Lloyd’s ethnicity targets come in the same week that KPMG in the UK published its socio-economic background pay gaps for the first time as part of the firm’s Environmental, Social and Governance (ESG) plan.

Significantly, the firm said it aims to see 29 percent of UK partners and directors come from a working-class background by 2030.

As such, KPMG in the UK has become one of the first organisations to publish its socio-economic background pay gaps and set out ambitious targets to increase the number of senior employees from working-class backgrounds.

The new data measures pay gaps between colleagues from different socio-economic backgrounds by looking at their parental occupation.

This method of measurement is recommended by social mobility experts, such as the Bridge Group, as the most robust and reliable indicator of socio-economic background.

KPMG claimed that publication of this new data builds on the firm’s work to improve transparency around pay gap reporting, which it has published voluntarily for a number of years – earlier this year revealing black heritage, sexual orientation, and disability pay gaps for the first time.

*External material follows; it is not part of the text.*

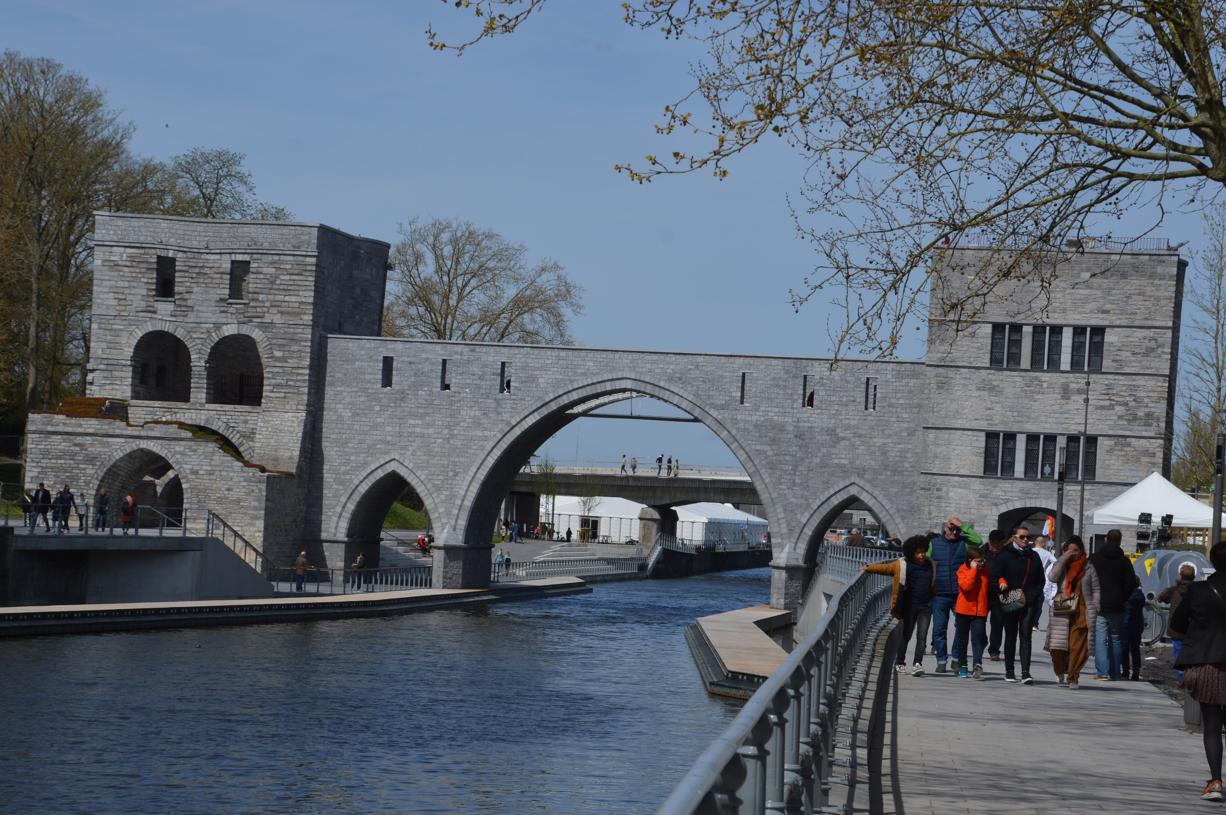 Tournai: les habitants retrouvent le Pont des Trous, emblème de la ville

When analysing the data of colleagues from different socio-economic backgrounds (including partners) the firm recorded overall pay gaps of:

  • Professional versus working class background: median 8.6 %; mean -1.1 %
  • Professional versus intermediate background: median 2.2 %; mean 3.2 %
  • Intermediate versus working class background: median 6.6 % mean -4.5 %

Analysis of the data revealed that while KPMG’s senior and junior colleagues are its most socio-economically diverse cohorts, working-class representation in middle management grades is comparatively lower and this is contributing to the pay gaps.

To address this, KPMG said it will focus on colleagues’ pathway into and through the organisation, from recruitment to progression – removing any potential barriers facing those from lower socio-economic backgrounds. This work will include:

  • new recruitment programmes dedicated to bringing in talent from lower socio-economic backgrounds at middle management and senior levels;
  • the introduction of mandatory training to all colleagues on socio-economic background;
  • a talent development programme aimed at colleagues from lower socio-economic backgrounds; and
  • using parental occupation as a key measure within HR processes.

Bina Mehta, chair of KPMG in the UK, said: “The publication of this data builds on our concerted efforts over a number of years to track and measure the socio-economic make-up of our workforce.”

“It’s only through this focus and level of transparency that we’re able to hold ourselves to account to take targeted action that will help create a fairer and more equitable society.

“I’m a passionate believer that greater diversity in all its aspects improves business performance. Diversity brings fresh thinking and different perspectives to decision making, which in turn delivers better outcomes for our clients.”

 “The publication of this data builds on our concerted efforts over a number of years to track and measure the socio-economic make-up of our workforce.”